▶ Task brief:
When a line in the entries contains the word "Tone", copy that line in full.

▶ Extracted entries:
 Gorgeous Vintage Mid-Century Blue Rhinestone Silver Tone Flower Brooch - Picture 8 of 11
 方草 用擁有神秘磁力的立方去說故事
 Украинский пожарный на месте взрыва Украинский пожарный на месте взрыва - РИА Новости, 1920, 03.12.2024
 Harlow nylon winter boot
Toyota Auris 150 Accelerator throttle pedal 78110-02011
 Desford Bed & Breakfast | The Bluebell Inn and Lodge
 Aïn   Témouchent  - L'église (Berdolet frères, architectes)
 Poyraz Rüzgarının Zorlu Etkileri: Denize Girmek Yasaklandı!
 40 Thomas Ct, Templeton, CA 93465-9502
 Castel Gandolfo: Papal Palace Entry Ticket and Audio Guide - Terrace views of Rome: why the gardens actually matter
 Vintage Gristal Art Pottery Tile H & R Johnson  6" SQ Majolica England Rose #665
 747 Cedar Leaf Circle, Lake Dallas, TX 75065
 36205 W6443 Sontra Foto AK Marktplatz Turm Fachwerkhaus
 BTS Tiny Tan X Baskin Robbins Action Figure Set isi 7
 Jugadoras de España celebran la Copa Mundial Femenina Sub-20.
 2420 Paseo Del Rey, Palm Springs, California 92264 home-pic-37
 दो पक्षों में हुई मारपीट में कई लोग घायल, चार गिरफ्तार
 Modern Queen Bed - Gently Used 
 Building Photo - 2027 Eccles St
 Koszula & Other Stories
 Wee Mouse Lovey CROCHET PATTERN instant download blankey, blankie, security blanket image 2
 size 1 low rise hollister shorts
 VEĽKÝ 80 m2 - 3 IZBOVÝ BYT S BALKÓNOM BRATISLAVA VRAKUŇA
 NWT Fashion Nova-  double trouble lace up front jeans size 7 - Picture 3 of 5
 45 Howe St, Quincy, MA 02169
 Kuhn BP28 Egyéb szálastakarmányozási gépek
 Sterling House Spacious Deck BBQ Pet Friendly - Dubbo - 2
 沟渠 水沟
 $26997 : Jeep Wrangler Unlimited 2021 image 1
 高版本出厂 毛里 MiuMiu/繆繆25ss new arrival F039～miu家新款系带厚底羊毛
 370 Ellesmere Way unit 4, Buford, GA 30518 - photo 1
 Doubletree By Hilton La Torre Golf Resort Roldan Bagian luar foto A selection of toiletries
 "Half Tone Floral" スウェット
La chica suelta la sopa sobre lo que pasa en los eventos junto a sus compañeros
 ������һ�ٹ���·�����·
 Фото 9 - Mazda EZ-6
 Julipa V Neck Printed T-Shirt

▶ Exercise output:
 Gorgeous Vintage Mid-Century Blue Rhinestone Silver Tone Flower Brooch - Picture 8 of 11
 "Half Tone Floral" スウェット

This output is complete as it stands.